Re: [patch] ramdisk blocksize

Bradley D. LaRonde (brad@ltc.com)
Fri, 20 Aug 1999 12:14:46 -0400


> People who wants to use extensively ramdisks should use a blocksize of
> PAGE_SIZE to avoid the fragmentation of not-freeable memory. NOTE: you
> can't generate a 4k filesystem using a blocksize of 1k simply because the
> buffer-size used from mke2fs must be the same used by the filesystem code
> otherwise you won't read on the memory you written before (on a ramdisk
> you can't emulate larger softblocksize). So to use a blocksize of 4k you
> must:
>
> insmod rd rd_blocksize=4096
> mke2fs -b 4096 /dev/ramdisk
> mount /dev/ramdisk /mnt
>
> then you'll avoid the fragmentation of protected buffers

I plan to use ramdisks extensively. Thanks for the advice.

> (really I don't
> ever know if the ramdisk driver will work correctly on 2.3.14-pre2 but
> that's a different issue and it has only to deal with the VM not with the
> ramdisk internals that have only to set the protected bit upon lowlevel
> writes).

All of the tests that I've seen say that it is broken post 2.3.6. I've
included details from Mike Klar at the end of this message.

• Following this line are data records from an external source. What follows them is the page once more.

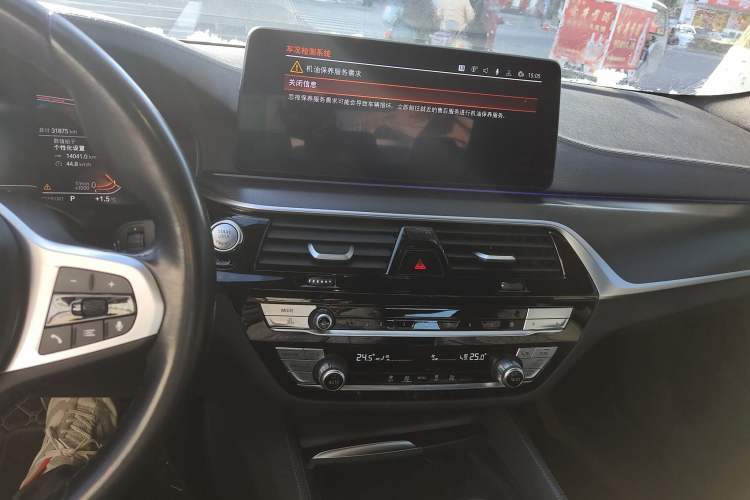 Used BMW 5 Series 2022 Second Facelift 525i M Sport Package Audio And AC Panel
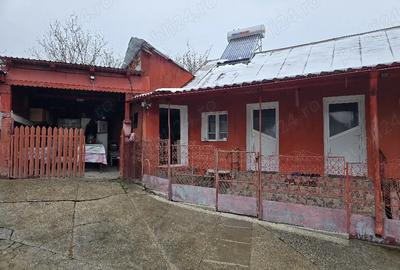 Casă cu 3 camere în Central - 3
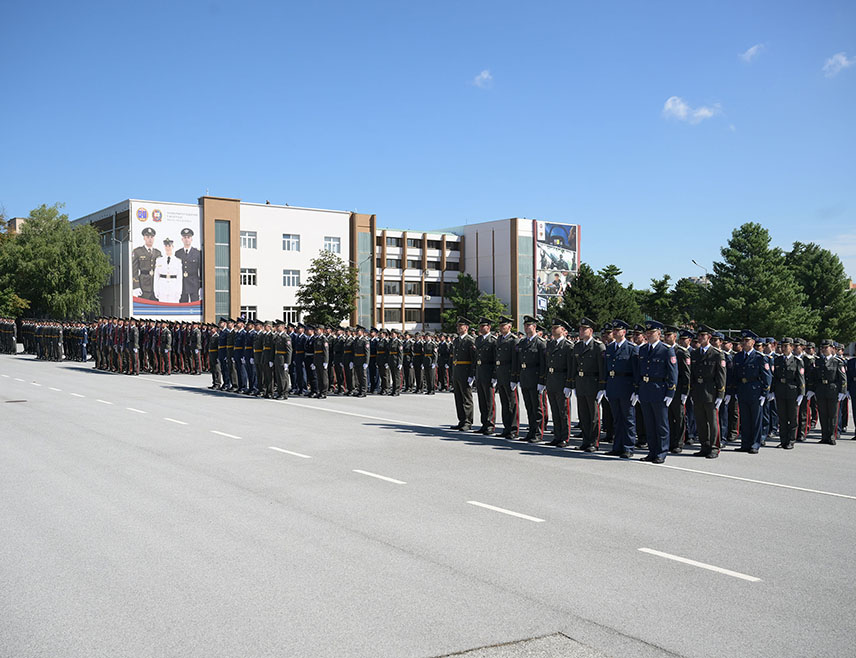 БЕОГРАД, 24. ЈУЛА /СРНА/ - Свечана промоција 130 најмлађих официра Војске Србије биће одржана сутра у Београду, а међу њима је и четворо из Оружаних снага БиХ.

I would really like to get this fixed. For now, we are running with a hack
from Mike Klar that goes like this:

diff -rubN linux-clean/drivers/block/rd.c linux/drivers/block/rd.c
--- linux-clean/drivers/block/rd.c Thu Aug 12 01:59:38 1999
+++ linux/drivers/block/rd.c Fri Aug 13 20:15:54 1999
@@ -171,10 +171,15 @@
* If we're writing, we protect the buffer.
*/

- if (CURRENT->cmd == READ)
+ if (CURRENT->cmd == READ) {
+ if (minor == 0) {
+ memcpy(CURRENT->buffer, (char *)initrd_start + offset, len);
+ } else {
memset(CURRENT->buffer, 0, len);
- else
+ }
+ } else {
set_bit(BH_Protected, &CURRENT->bh->b_state);
+ }

end_request(1);
goto repeat;
@@ -250,7 +255,7 @@
NULL, /* mmap */
NULL, /* open */
NULL, /* flush */
- initrd_release, /* release */
+ NULL, /* release */
NULL /* fsync */
};

I am not very familiar with the page cache / buffer cache mechanisms (among
other things), so I'm not sure how to approach fixing this properly.

Will you offer some advice as to how you would fix the ramdisk? Or would it
be better for us to wait for someone qualified to do this?

Some other questions:

1. Is the page cache just to improve latency, or does it server another
purpose or purposes?

2. Is it necessary (or good) for ramdisk access to go through the page
cache, or would it be better to "turn it off" somehow for the ramdisk?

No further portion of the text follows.